EXTRACTED RECORDS:
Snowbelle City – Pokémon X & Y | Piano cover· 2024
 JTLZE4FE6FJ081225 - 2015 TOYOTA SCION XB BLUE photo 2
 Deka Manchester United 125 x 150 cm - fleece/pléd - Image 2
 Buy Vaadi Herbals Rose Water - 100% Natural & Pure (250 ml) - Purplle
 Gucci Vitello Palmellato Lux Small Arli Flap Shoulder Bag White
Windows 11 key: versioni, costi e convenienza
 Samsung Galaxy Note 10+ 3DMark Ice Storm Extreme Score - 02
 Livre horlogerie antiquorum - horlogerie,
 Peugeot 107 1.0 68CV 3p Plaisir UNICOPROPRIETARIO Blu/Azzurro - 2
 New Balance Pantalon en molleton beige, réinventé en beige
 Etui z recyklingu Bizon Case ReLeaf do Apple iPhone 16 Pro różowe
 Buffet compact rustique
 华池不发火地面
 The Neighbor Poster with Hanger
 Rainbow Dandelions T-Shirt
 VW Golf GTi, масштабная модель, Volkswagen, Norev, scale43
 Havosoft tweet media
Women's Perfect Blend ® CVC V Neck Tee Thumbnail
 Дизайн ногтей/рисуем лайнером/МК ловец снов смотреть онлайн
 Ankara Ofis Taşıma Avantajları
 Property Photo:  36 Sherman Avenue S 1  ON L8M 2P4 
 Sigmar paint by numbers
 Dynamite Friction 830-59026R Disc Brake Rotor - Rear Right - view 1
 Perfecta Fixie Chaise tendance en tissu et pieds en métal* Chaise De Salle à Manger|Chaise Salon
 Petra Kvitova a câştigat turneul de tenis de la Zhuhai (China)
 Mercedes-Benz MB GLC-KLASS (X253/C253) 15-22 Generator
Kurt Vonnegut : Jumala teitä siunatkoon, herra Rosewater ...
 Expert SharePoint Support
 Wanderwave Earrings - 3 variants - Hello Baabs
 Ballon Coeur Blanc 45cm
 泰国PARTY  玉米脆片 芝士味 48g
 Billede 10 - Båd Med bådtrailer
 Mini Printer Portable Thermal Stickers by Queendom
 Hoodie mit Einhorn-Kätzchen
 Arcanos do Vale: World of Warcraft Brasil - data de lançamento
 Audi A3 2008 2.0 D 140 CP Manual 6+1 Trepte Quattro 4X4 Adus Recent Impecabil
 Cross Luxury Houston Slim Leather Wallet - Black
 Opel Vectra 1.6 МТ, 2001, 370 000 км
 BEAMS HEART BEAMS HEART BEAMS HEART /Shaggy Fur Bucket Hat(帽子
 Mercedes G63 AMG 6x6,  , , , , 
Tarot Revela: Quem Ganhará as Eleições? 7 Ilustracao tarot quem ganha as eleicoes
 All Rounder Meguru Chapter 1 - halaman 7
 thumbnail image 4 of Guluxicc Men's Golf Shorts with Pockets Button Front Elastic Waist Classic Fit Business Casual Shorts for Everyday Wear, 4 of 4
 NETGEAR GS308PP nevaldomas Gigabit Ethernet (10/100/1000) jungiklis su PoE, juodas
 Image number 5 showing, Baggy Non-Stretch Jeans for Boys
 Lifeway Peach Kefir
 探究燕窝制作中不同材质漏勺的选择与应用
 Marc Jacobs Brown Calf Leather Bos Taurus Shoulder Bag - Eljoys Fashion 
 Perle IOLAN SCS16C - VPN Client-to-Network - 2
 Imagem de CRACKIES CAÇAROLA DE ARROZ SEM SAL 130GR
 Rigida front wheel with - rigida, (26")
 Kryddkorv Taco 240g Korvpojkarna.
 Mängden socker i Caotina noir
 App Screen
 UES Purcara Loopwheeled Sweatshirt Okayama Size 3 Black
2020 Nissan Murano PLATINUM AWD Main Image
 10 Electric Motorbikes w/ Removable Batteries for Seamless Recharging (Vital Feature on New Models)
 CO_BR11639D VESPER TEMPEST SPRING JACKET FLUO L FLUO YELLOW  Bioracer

WHAT IS EXPECTED: Exact copies of the lines from the start of the data up to the line holding "Livre horlogerie antiquorum", both included, are all that is needed.

OUTPUT OF THE EXERCISE:
Snowbelle City – Pokémon X & Y | Piano cover· 2024
 JTLZE4FE6FJ081225 - 2015 TOYOTA SCION XB BLUE photo 2
 Deka Manchester United 125 x 150 cm - fleece/pléd - Image 2
 Buy Vaadi Herbals Rose Water - 100% Natural & Pure (250 ml) - Purplle
 Gucci Vitello Palmellato Lux Small Arli Flap Shoulder Bag White
Windows 11 key: versioni, costi e convenienza
 Samsung Galaxy Note 10+ 3DMark Ice Storm Extreme Score - 02
 Livre horlogerie antiquorum - horlogerie,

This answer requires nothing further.